■ **Task to carry out**:
Output all of the data verbatim.

── Exercise materials ──

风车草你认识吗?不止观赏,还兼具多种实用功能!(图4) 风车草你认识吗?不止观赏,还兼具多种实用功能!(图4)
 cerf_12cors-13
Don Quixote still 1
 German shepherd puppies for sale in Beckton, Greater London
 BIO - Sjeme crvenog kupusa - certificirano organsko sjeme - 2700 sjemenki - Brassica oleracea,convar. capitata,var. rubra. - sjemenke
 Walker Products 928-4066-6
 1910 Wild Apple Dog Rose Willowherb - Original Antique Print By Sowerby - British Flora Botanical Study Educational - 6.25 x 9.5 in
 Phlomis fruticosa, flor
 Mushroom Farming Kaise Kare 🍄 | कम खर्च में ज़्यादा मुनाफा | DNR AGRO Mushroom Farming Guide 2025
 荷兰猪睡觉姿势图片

───

■ **Worked solution**:
风车草你认识吗?不止观赏,还兼具多种实用功能!(图4) 风车草你认识吗?不止观赏,还兼具多种实用功能!(图4)
 cerf_12cors-13
Don Quixote still 1
 German shepherd puppies for sale in Beckton, Greater London
 BIO - Sjeme crvenog kupusa - certificirano organsko sjeme - 2700 sjemenki - Brassica oleracea,convar. capitata,var. rubra. - sjemenke
 Walker Products 928-4066-6
 1910 Wild Apple Dog Rose Willowherb - Original Antique Print By Sowerby - British Flora Botanical Study Educational - 6.25 x 9.5 in
 Phlomis fruticosa, flor
 Mushroom Farming Kaise Kare 🍄 | कम खर्च में ज़्यादा मुनाफा | DNR AGRO Mushroom Farming Guide 2025
 荷兰猪睡觉姿势图片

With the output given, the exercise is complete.